[Aim of the task]
An exact copy of every record is the expected answer.
───── Data for this exercise ─────
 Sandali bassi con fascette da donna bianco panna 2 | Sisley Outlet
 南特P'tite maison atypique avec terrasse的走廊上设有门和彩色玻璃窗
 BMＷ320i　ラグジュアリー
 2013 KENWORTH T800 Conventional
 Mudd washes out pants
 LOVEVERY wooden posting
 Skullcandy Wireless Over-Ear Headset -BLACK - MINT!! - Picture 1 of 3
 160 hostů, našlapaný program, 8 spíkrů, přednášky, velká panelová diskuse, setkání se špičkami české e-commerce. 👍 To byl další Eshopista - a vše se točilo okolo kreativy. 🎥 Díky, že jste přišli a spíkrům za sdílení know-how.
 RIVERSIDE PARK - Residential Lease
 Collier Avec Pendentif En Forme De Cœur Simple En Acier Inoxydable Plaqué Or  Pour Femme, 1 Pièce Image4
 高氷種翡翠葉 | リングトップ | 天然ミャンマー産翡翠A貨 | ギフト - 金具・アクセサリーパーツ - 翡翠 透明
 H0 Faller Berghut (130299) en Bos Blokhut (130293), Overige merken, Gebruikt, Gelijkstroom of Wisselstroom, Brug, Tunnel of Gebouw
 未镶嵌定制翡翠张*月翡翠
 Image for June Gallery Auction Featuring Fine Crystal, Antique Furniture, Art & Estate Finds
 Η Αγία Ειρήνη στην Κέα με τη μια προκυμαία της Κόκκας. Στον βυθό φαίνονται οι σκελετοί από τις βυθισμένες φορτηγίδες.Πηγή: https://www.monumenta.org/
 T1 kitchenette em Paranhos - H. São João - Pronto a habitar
─────
[Answer for the task]
 Sandali bassi con fascette da donna bianco panna 2 | Sisley Outlet
 南特P'tite maison atypique avec terrasse的走廊上设有门和彩色玻璃窗
 BMＷ320i　ラグジュアリー
 2013 KENWORTH T800 Conventional
 Mudd washes out pants
 LOVEVERY wooden posting
 Skullcandy Wireless Over-Ear Headset -BLACK - MINT!! - Picture 1 of 3
 160 hostů, našlapaný program, 8 spíkrů, přednášky, velká panelová diskuse, setkání se špičkami české e-commerce. 👍 To byl další Eshopista - a vše se točilo okolo kreativy. 🎥 Díky, že jste přišli a spíkrům za sdílení know-how.
 RIVERSIDE PARK - Residential Lease
 Collier Avec Pendentif En Forme De Cœur Simple En Acier Inoxydable Plaqué Or  Pour Femme, 1 Pièce Image4
 高氷種翡翠葉 | リングトップ | 天然ミャンマー産翡翠A貨 | ギフト - 金具・アクセサリーパーツ - 翡翠 透明
 H0 Faller Berghut (130299) en Bos Blokhut (130293), Overige merken, Gebruikt, Gelijkstroom of Wisselstroom, Brug, Tunnel of Gebouw
 未镶嵌定制翡翠张*月翡翠
 Image for June Gallery Auction Featuring Fine Crystal, Antique Furniture, Art & Estate Finds
 Η Αγία Ειρήνη στην Κέα με τη μια προκυμαία της Κόκκας. Στον βυθό φαίνονται οι σκελετοί από τις βυθισμένες φορτηγίδες.Πηγή: https://www.monumenta.org/
 T1 kitchenette em Paranhos - H. São João - Pronto a habitar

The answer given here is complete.